I was supposed to read a book. This book. I was a gleeful participant in Lil Sass's TJCTR Bookclub. I was the one who suggested the time line/due date of reading the book by today. Plenty of time. Easy Peasy. I'm constantly reading. I can read a couple books a week.
And it's not like I haven't quite finished it, or I never got into it, or whatever.
I haven't even cracked the cover.
The slightly redeemable aspect is that I haven't read ANYTHING in the last month, as opposed to times past when I've read all kinds of things, just NOT the book I was supposed to. Although. I haven't read anything this month. The fuck? I haven't been doing anything this month. What have I been doing? I usually read at night, in bed. What have I been doing instead?
I still don't have internet at home, so not that.
I'm still involuntarily celibate, so not that.
I still don't don't have cable, so not that.
I still haven't touched my knitting or my crafts, so not that.
Seriously? Where have I been?
For the past month or so I've been going to bed at around 8 o'clock. 9 if I'm really pushing it. Earlier than 8 if I can get Gabe to fall asleep. I haven't been waking up any earlier, if you're wondering. I've just been sleeping for 10 hours a night. And taking naps on the weekends. And sitting at work, totally exhausted, guzzling coffee.
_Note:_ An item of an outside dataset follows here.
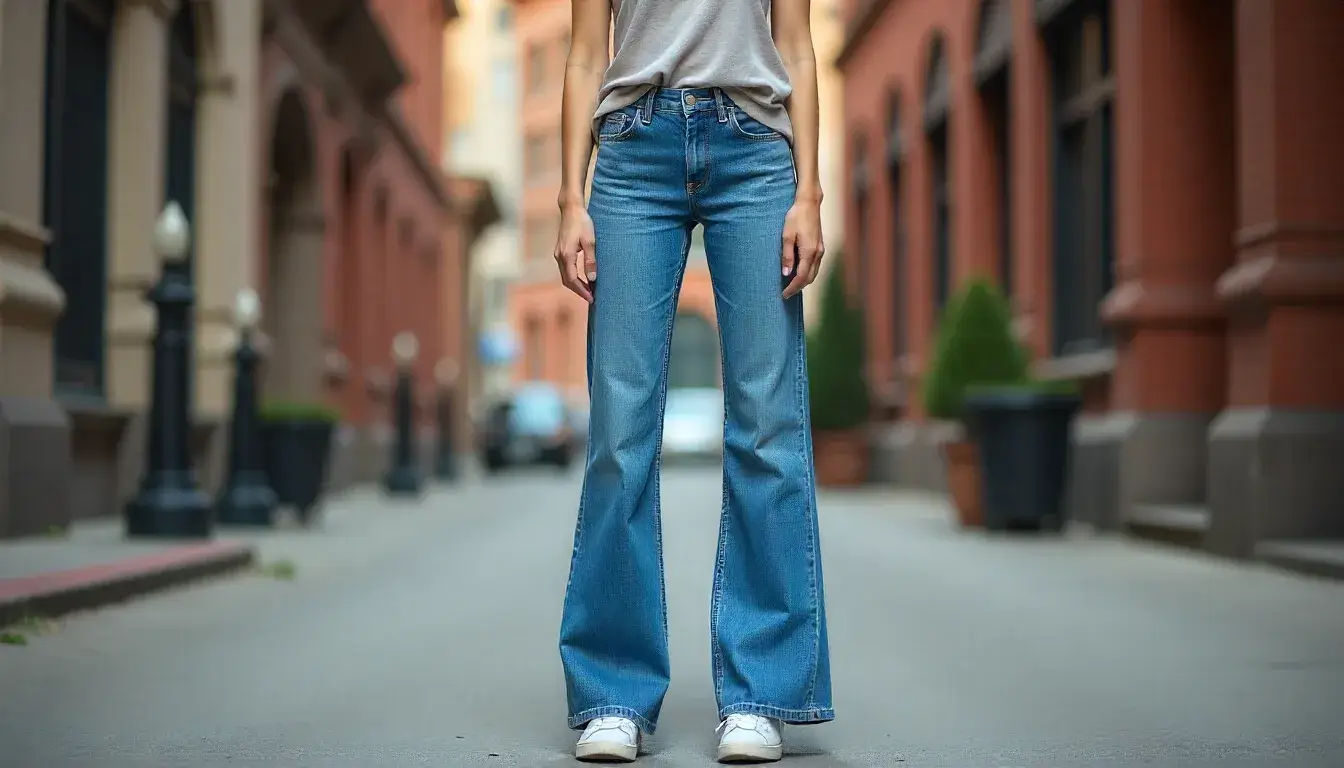 Barrel Leg Jeans Are the 2025 Denim Trend Everyone’s Talking About — Here’s How to Style Them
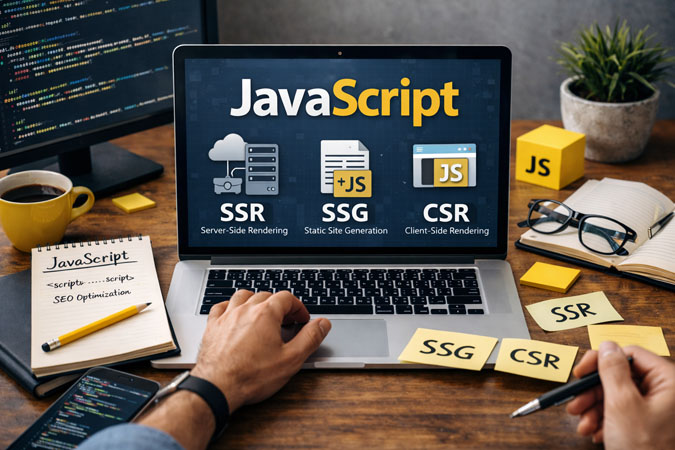 SEO JavaScript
Coffee which does nothing for me, as I still drag myself home, aimlessly throw dinner together, commence with getting Gabey ready for bedtime, and fall asleep as soon as my head hits the pillow. Then wake up the next day, just as exhausted.
Yesterday morning I had a dentist appointment, so I got to sleep in an extra hour and a half, and have a more relaxed morning. I went to bed at 9 the night before, slept until 730, and couldn't peel myself out of bed.
Lil Sass, honey, darling, love.
I failed. I suck. I didn't even try to read the book. Let alone on time.
I'm just so tired you see. All the time.